Hey ya'll, sorry to bother. I'm trying to figure out this string tension thing. I went on the Kalium site, watch the tutorial three times, but I am really dumb, so I cannot for the life of me figure out this tension thing. 

From what I gathered in the video, I guess I probably prefer around 23 lb's of tension on this RG8, simply basing that one the fact I usually put medium strings on my other guitars. I don't know, I am kind of floundering here. Anyways, couldn't figure out the calculator on Kelium's page, I tried another calculator I found.

Does this look about right?

EDIT: Now I feel like I am messing up. Would 23lbs of tension be way too much?


----------



## All_¥our_Bass (Feb 13, 2017)

It isn't too much, but it's a bit on the high side, especially for treble strings.

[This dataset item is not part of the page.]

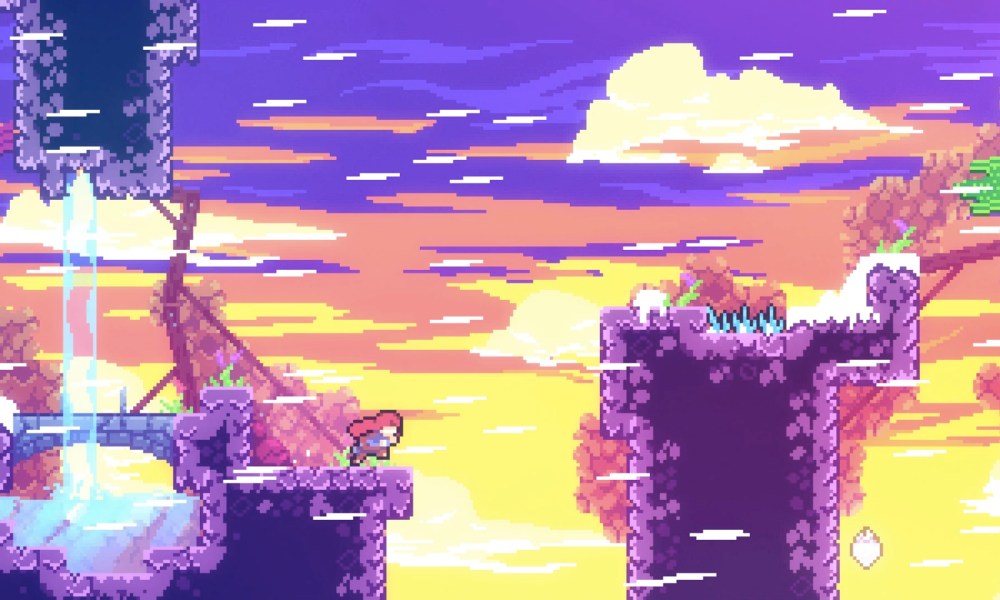 celeste review switch 5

A set that feels balanced will have the lowest strings tightest (~17 to 20lbs) and gradually get looser towards the high end (~14lbs).

http://www.bangzero.org/stringtension/


----------



## Discoqueen (Feb 13, 2017)

Ahh hey man, thank you. The reason I picked the higher tension was because I like the feel of my acoustic guitars, and when I went through and figured out the tension on them, it sat around 22 lbs. 
So the set I went with, for now anyways, is a .010 - .086. Across the board the tension starts at 22lbs, then goes down to 19/20 lbs, then the F# drops to 11 lbs, which so don't understand that because the set was supposed to be balanced by Kelium, but maybe there is a method to this. So, I think I had my idea backwards, haha. For some reason it never clicked in my head to have to top strings a looser tension. 

I suppose I just wanted to try and mimic my acoustic guitar's tension and thought an average was something to aim for. Is this all very minimal that it will be sort of a non-issue? Or will this be a problem? 

Anyways, thank you for the insight. I'll remember that next time I pick out strings! Or maybe try and re-order within the near future! 

With the link you posted, I just couldn't figure that one out. Maybe because I am on my phone I can't download it?


----------



## All_¥our_Bass (Feb 14, 2017)

It runs in-browser.
Try it on a 'real' lol computer.

You could still have slightly heavier treble strings (like an 11 for E), but the tension should still 'slope down' as pitch increases.


----------



## Discoqueen (Feb 15, 2017)

Oi,  that would mean I'd have to move 10 feet, then turn the darn thing on, then wait for steam to update...... 

Just kidding!  

Again, thank you for the insight. Luckily for me, Kelium is taking forever to ship the order, so maybe I'll switch the order around to try and reflect a slight slope downward in tension as the strings get higher in pitch.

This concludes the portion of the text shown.